Restate word for word the entries below, starting at the line with "Schilderen op canvas" and ending at the line with "China Modern Factory". Keep both end lines and omit the pictures.
*** Opening of RECORDED INFORMATION ***
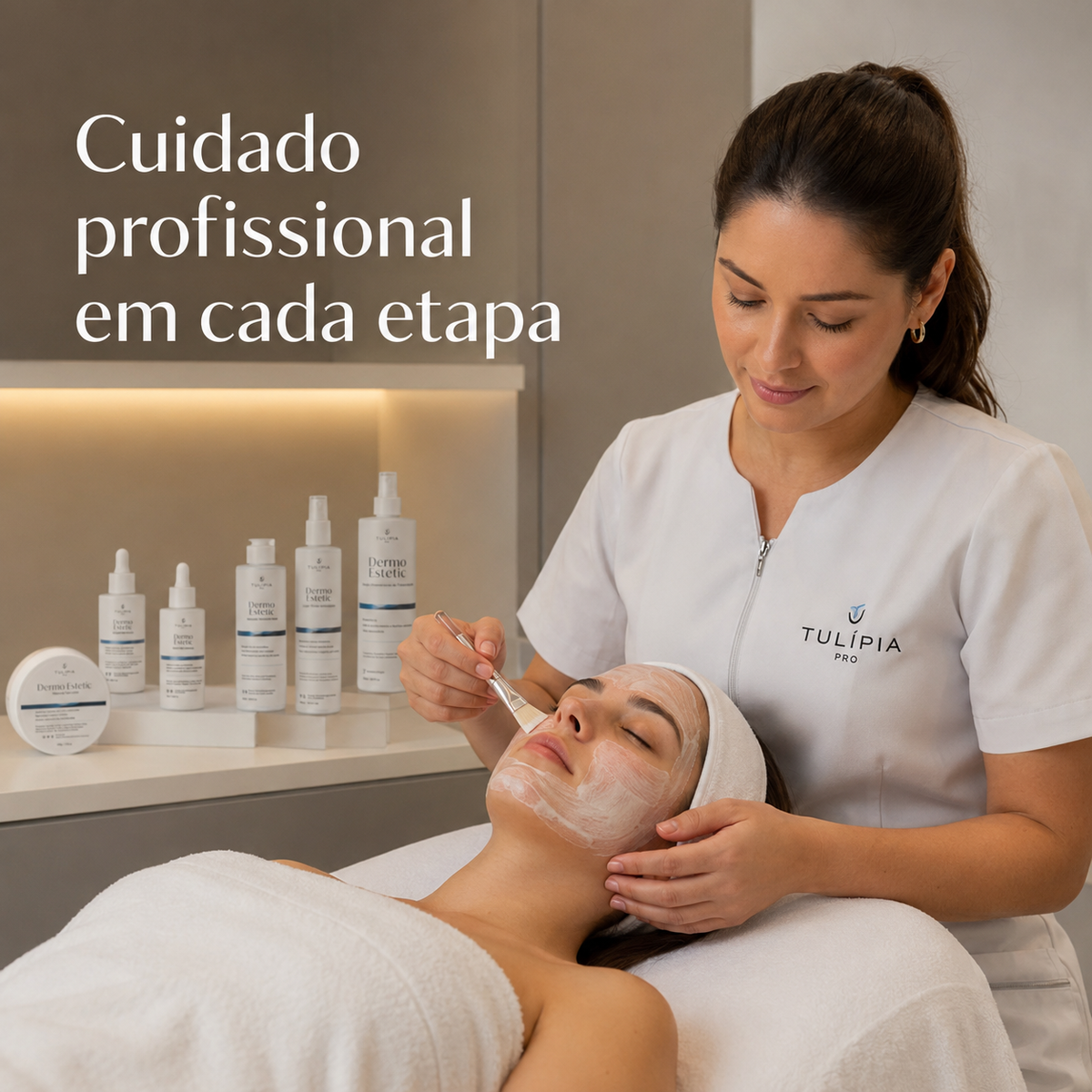 Tulípia Kit Dermo Estetic Limpeza Facial Profissional 6 Itens Controle Oleosidade Skincare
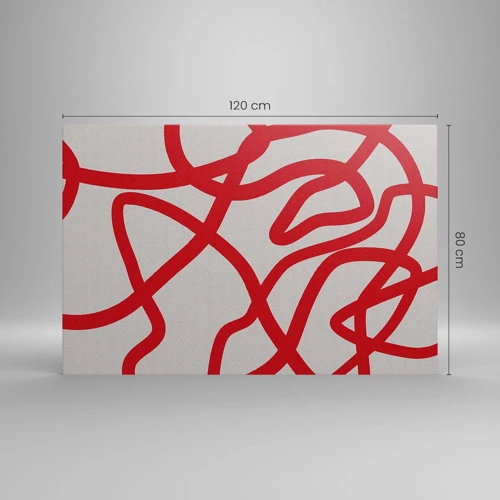 Schilderen op canvas - Rood op wit - 120x80 cm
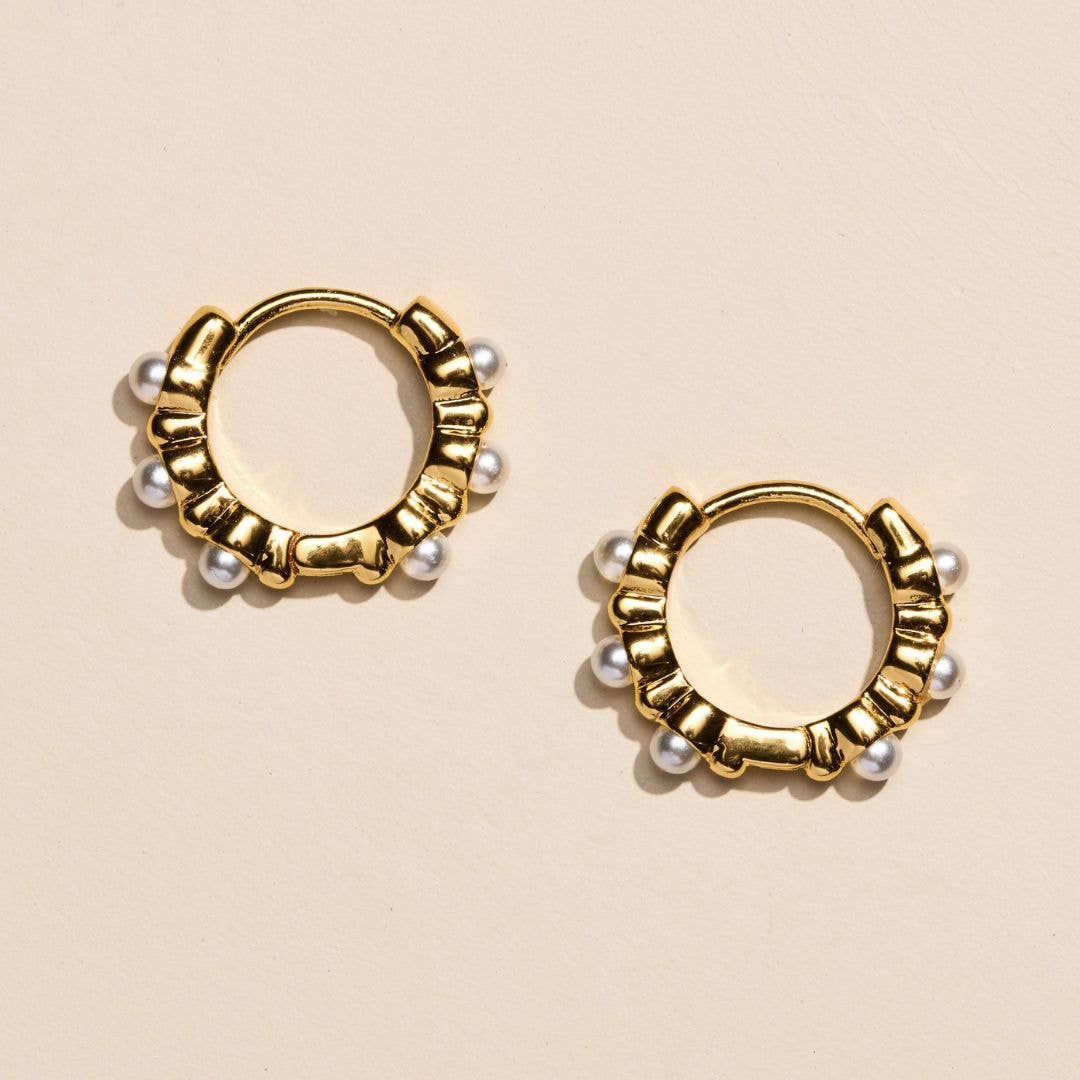 Gold Pearl Huggie Earrings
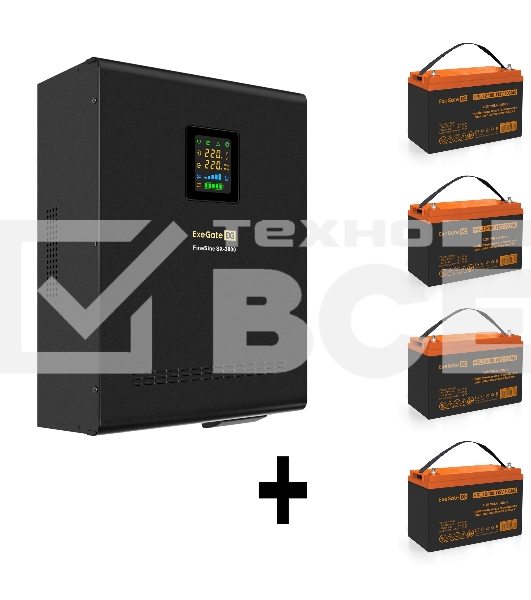 Комплект Источник бесперебойного питания EX296003RUS + батарея 100Aч EX285656RUS 4шт (инвертор, синус, для котла, настенный) ExeGate FineSine SX-3000.LCD.AVR.2SH.T <3000VA/2100W, чистая синусоида, цветной LCD-дисплей, AVR, 2*Schuko+клеммы, линейно-интерак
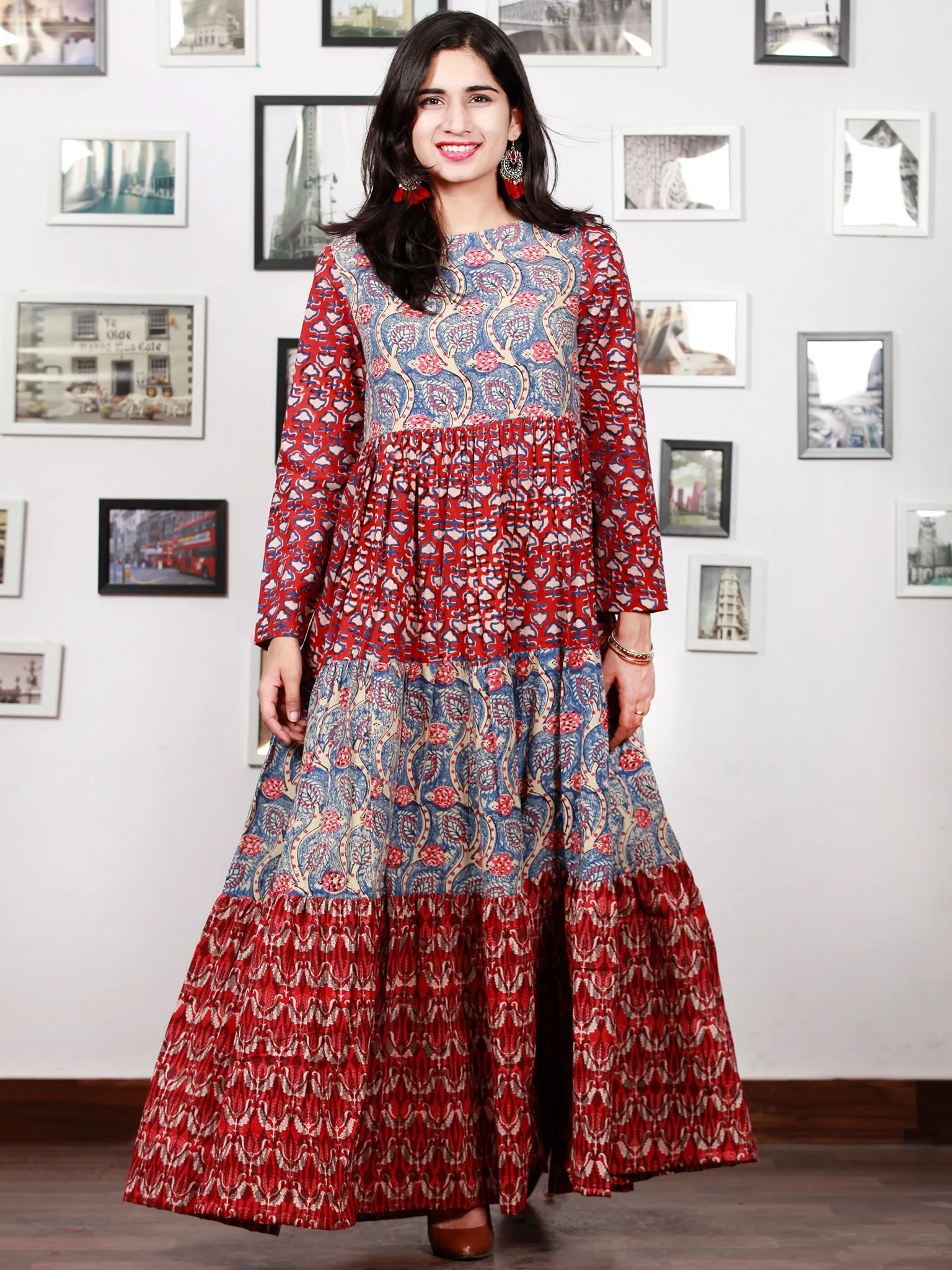 Indigo Red Beige Pink Hand Block Printed Long Cotton Tier Dress  -  D95F1379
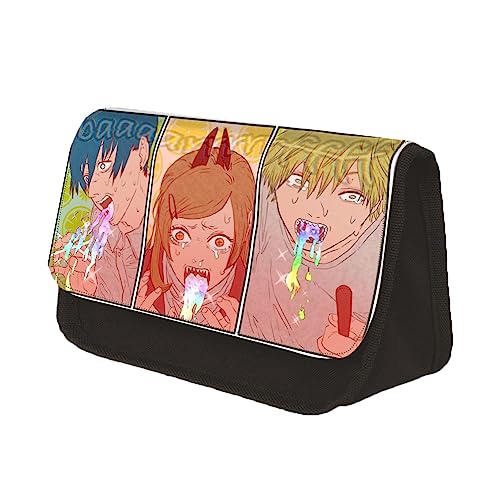 Zhongkaihua Anime Kettensäge Mann Pencil Case Denji Pen Bags Cartoon gedruckt Hayakawa AKI Pen Box große Kapazität Double Layer Storage Bag für Studenten von Zhongkaihua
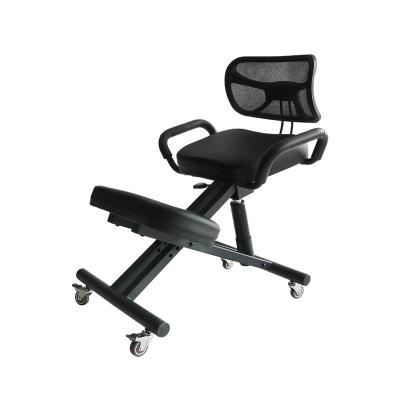 China Modern Factory Custom Black Cheap Price 360 ​​Degree Rotation Pneumatic Backrest Rolling Ergonomic Posture Kneeling Stool Kneeling Chair for sale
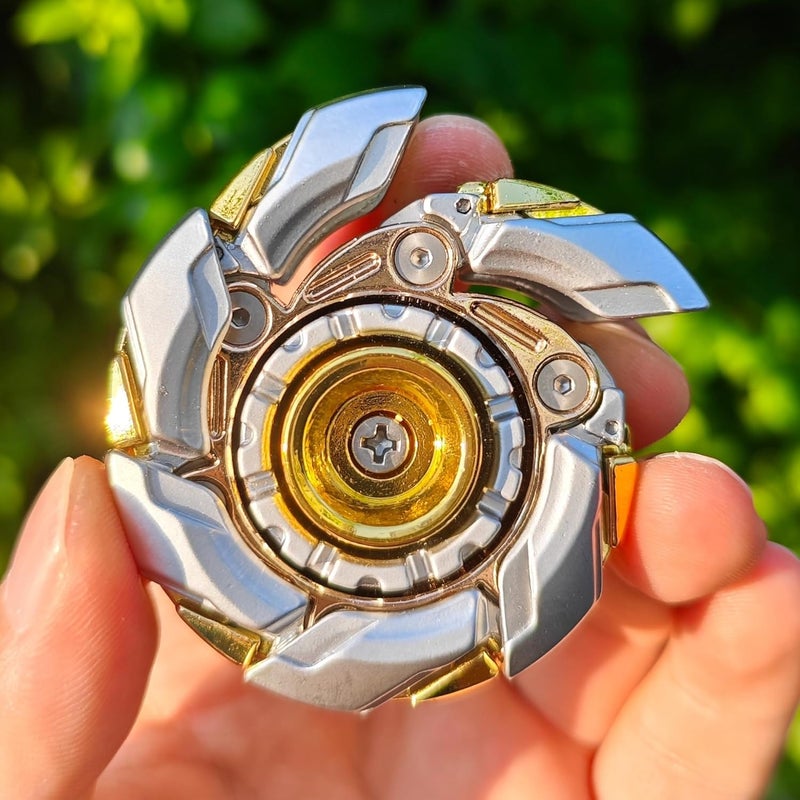 T-Conceal EDC Fidget Sliders Open Armor Spinning Top ألعاب تحريك للبالغين لتخفيف التوتر من المعدن المغناطيسي (فضي ذهبي) - Image 4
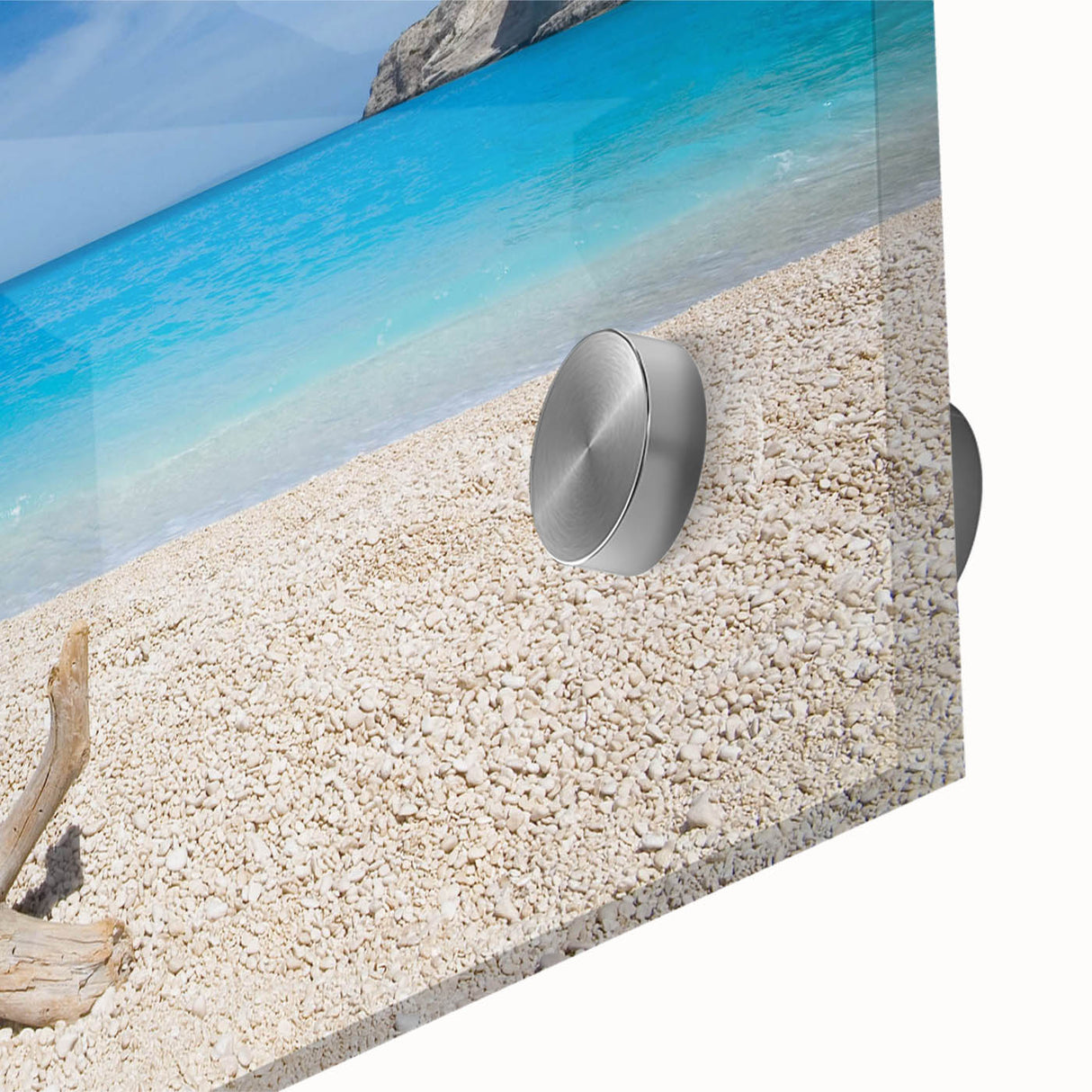 Close-up of a vibrant beach landscape wall art design, showcasing vivid colors and intricate details on acrylic glass, ideal for modern home decor.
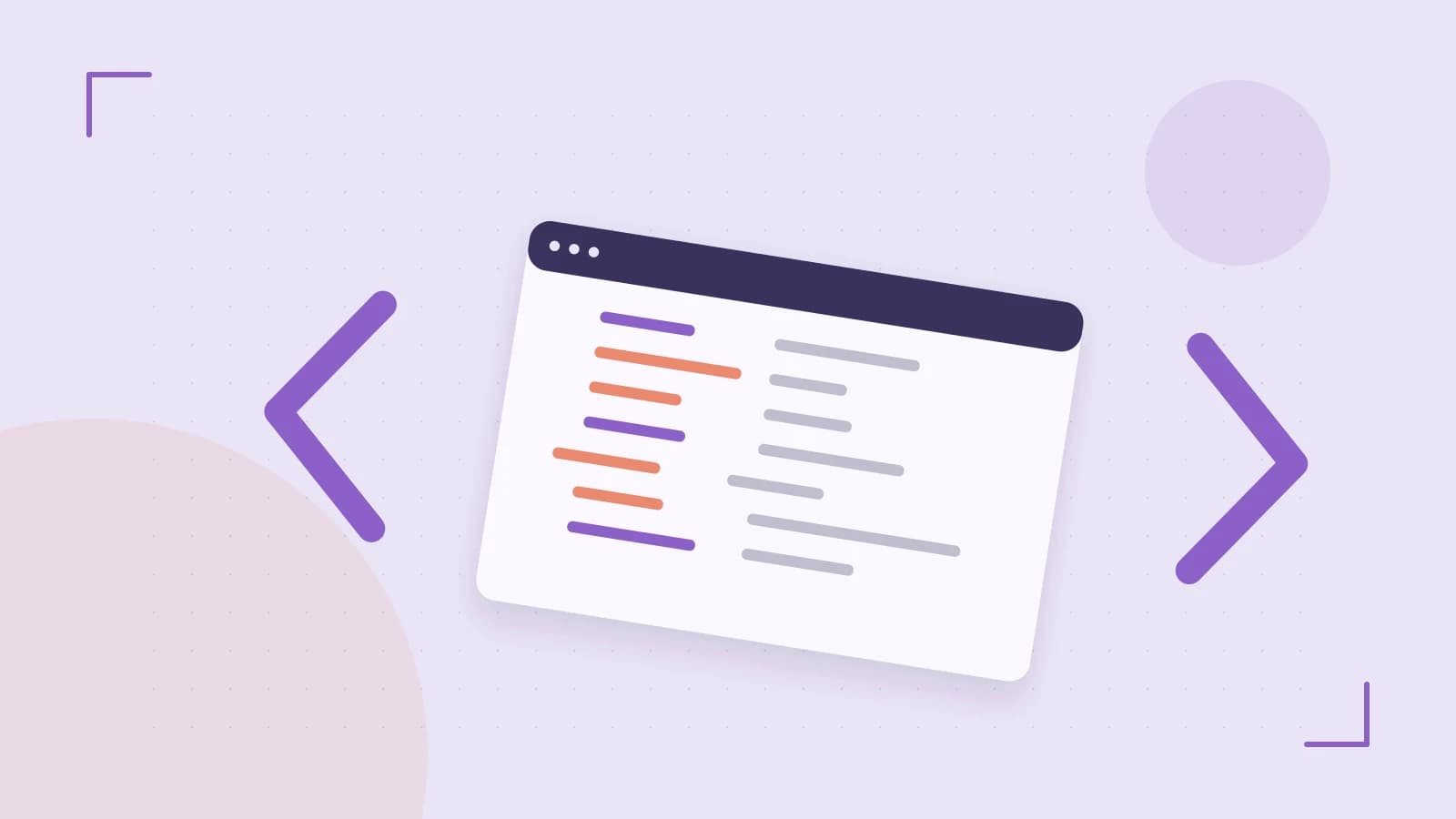 Editorial illustration of an abstract code editor, syntax blocks and oversized programming brackets
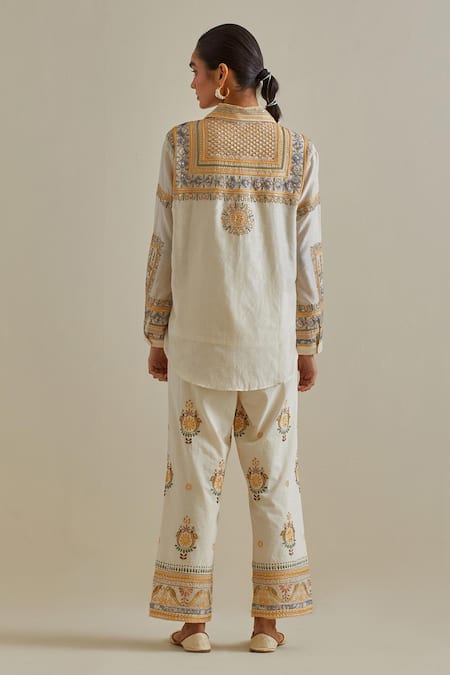 Shop Kora Yellow Cotton, Chanderi Embroidery, Sequins, Mirrors Patchwork Shirt And Pant Set at Aza Fashions Shop_Kora_Yellow Cotton, Chanderi Embroidery, Sequins, Mirrors Patchwork Shirt And Pant Set _at_Aza_Fashions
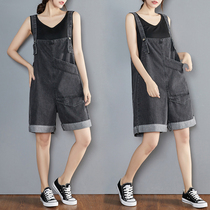 Denim Strap Shorts Women Summer Loose Korean Large Size Personality Big Pocket Suspend Wide Legs Five-point Pants
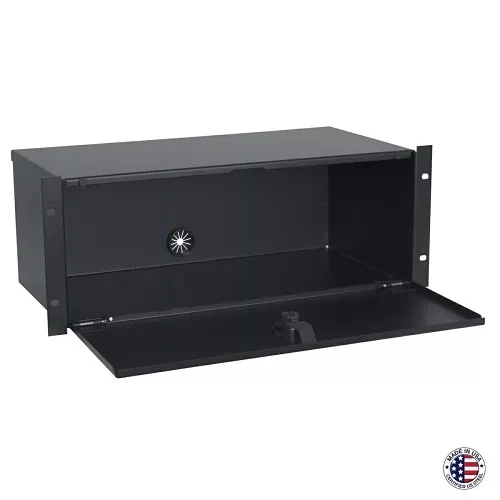 Lowell SBL49 4U Rack Storage Box with Lock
*** Close of RECORDED INFORMATION ***
▶ **COMPLETED EXERCISE**
 Schilderen op canvas - Rood op wit - 120x80 cm
 Gold Pearl Huggie Earrings
 Комплект Источник бесперебойного питания EX296003RUS + батарея 100Aч EX285656RUS 4шт (инвертор, синус, для котла, настенный) ExeGate FineSine SX-3000.LCD.AVR.2SH.T <3000VA/2100W, чистая синусоида, цветной LCD-дисплей, AVR, 2*Schuko+клеммы, линейно-интерак
 Indigo Red Beige Pink Hand Block Printed Long Cotton Tier Dress  -  D95F1379
 Zhongkaihua Anime Kettensäge Mann Pencil Case Denji Pen Bags Cartoon gedruckt Hayakawa AKI Pen Box große Kapazität Double Layer Storage Bag für Studenten von Zhongkaihua
 China Modern Factory Custom Black Cheap Price 360 ​​Degree Rotation Pneumatic Backrest Rolling Ergonomic Posture Kneeling Stool Kneeling Chair for sale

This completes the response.